Os gastos dos bancos com tecnologia da informação (TI) devem bater em R$ 14 bilhões este ano, superando os R$ 12,5 bilhões de 2004, estima Carlos Eduardo Corrêa da Fonseca, diretor de tecnologia da Federação Brasileira de Bancos (Febraban). As projeções são de que apenas os investimentos em novas tecnologias consumam em torno de R$ 4 bilhões.
“Os bancos precisam atualizar continuamente o parque tecnológico”, diz Fonseca.
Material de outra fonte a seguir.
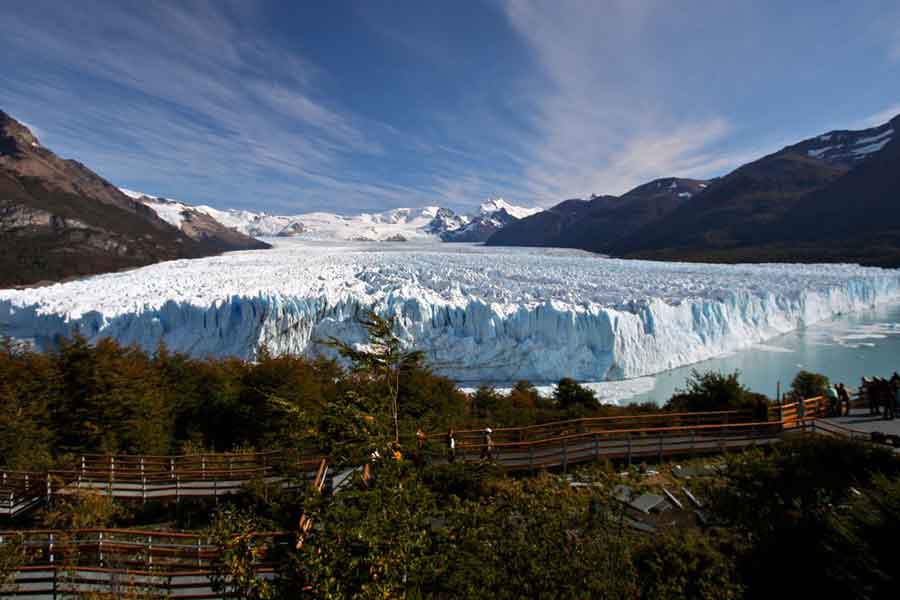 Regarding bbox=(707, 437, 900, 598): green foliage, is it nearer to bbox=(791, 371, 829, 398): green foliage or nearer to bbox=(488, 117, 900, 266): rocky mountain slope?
bbox=(791, 371, 829, 398): green foliage

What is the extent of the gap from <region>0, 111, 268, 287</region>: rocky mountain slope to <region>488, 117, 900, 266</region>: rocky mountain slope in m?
82.7

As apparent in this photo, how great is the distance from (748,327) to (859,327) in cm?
819

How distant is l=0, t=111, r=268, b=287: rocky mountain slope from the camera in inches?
2288

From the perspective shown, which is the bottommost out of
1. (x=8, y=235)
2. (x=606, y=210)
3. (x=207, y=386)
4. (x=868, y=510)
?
(x=207, y=386)

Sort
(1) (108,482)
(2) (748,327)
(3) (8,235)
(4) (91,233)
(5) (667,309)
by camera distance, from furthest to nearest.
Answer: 1. (4) (91,233)
2. (3) (8,235)
3. (2) (748,327)
4. (5) (667,309)
5. (1) (108,482)

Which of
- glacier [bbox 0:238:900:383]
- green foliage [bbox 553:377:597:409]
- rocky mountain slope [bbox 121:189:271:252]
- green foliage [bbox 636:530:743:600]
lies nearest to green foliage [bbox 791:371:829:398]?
green foliage [bbox 553:377:597:409]

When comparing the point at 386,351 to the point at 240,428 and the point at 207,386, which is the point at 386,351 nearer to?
the point at 240,428

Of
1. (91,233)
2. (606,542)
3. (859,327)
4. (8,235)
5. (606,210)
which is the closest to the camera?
(606,542)

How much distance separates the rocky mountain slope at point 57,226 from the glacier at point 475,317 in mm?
39388

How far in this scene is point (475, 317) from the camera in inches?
786

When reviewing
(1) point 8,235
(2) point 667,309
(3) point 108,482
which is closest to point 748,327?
(2) point 667,309

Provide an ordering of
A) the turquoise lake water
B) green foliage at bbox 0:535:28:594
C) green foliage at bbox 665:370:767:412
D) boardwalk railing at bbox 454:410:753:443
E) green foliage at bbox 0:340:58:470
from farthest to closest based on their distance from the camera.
Result: the turquoise lake water
green foliage at bbox 665:370:767:412
boardwalk railing at bbox 454:410:753:443
green foliage at bbox 0:340:58:470
green foliage at bbox 0:535:28:594

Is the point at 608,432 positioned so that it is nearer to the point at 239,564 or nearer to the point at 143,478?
the point at 239,564

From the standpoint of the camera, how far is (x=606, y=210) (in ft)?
437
Além disso, as adaptações às exigências do Basiléia II e às regras da Sarbanes-Oxley (para os bancos como ações na Bolsa de Valores de Nova York) também estão consumindo montante significativo dos gastos com TI. Um estudo da Fundação Getúlio Vargas (FGV) mostra que os gastos atuais dos bancos com TI já correspondem a 10% do patrimônio líquido das instituições.
Em 2004, os bancos foram responsáveis por 23% dos investimentos em TI feitos no Brasil, revela uma pesquisa do IDC. Agora, com novas tecnologias, como a certificação digital e o banco móvel, as estimativas são de que os gastos aumentem ainda mais.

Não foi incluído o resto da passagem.